START Dataset content
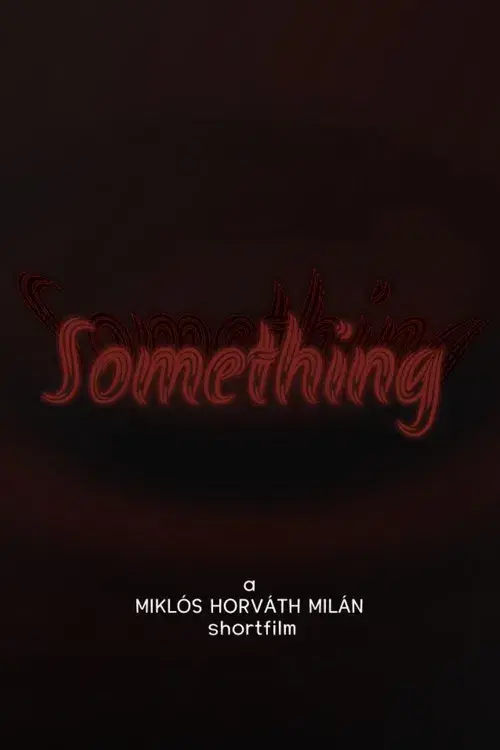 Something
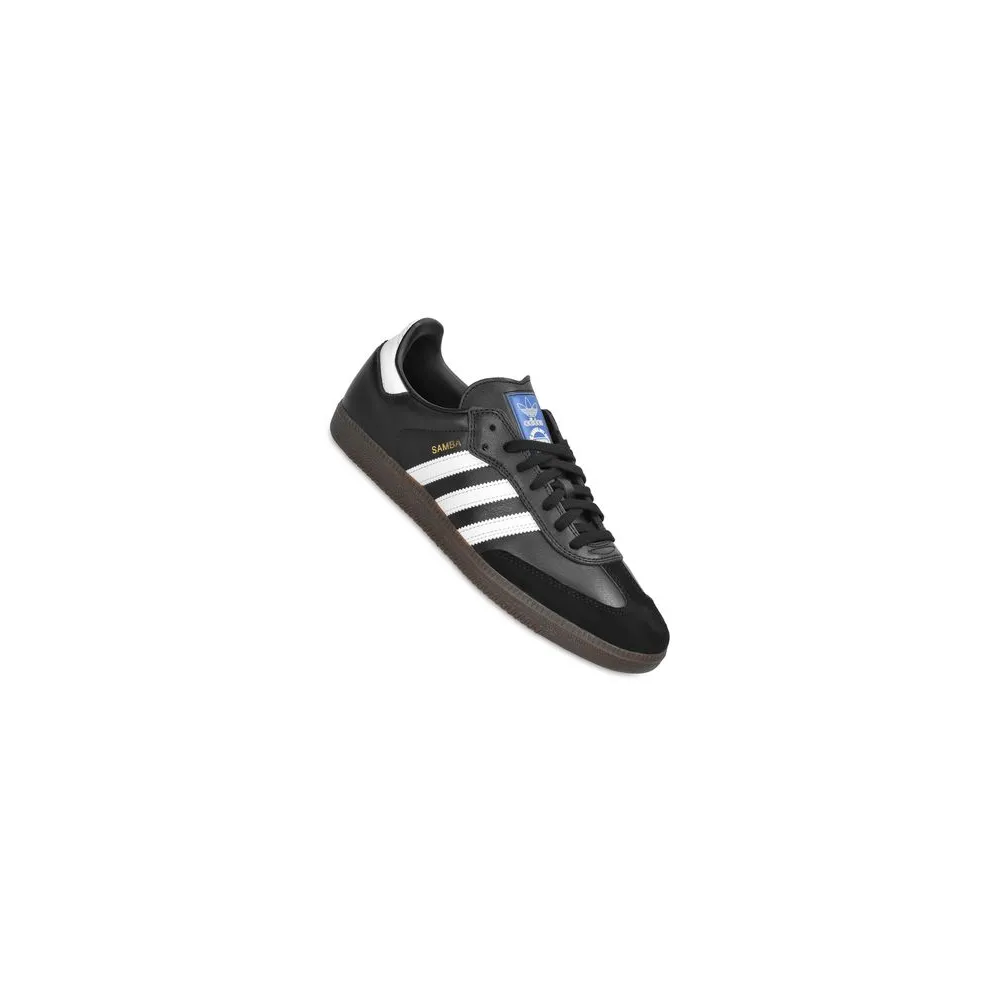 adidas Samba ADV IE3100 / schwarz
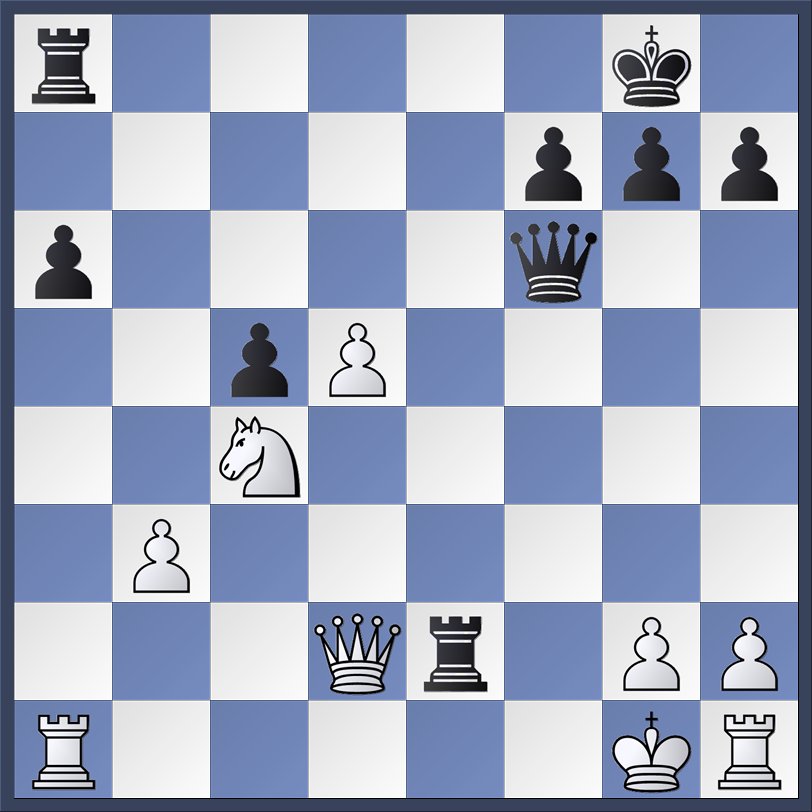 Hikaru Nakamura R Praggnanandhaa 30 5 2024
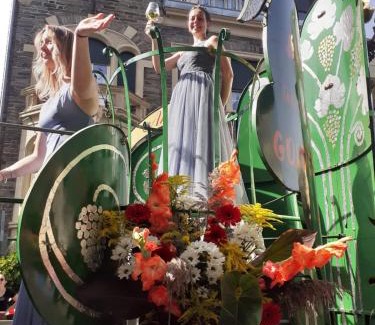 Bernkastel-Kues Apartment | Fewo-Bernkastel-Kues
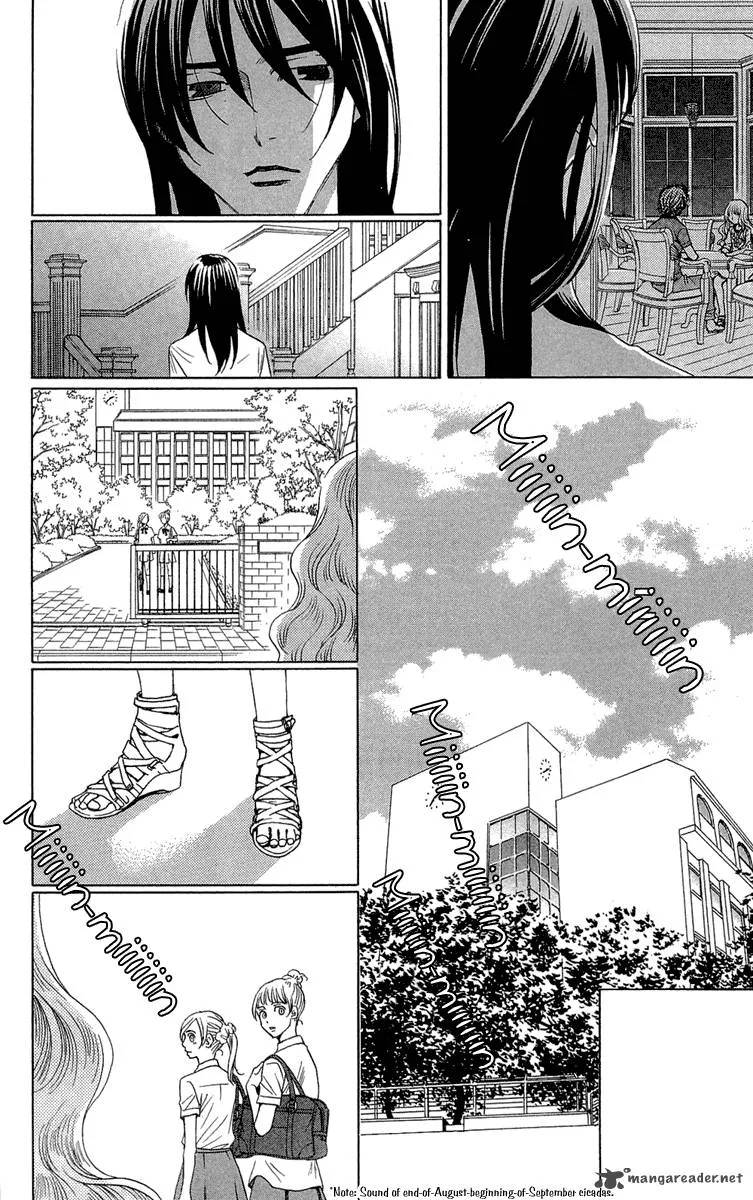 Kurobara Alice Chapter 20 page 40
END Dataset content
▸ **Action item**: A word-for-word copy of the lines from the one containing "Bernkastel-Kues Apartment |" through the last line of the records is what is wanted, without pictures and without any other line.

▸ **Task response**:
 Bernkastel-Kues Apartment | Fewo-Bernkastel-Kues
 Kurobara Alice Chapter 20 page 40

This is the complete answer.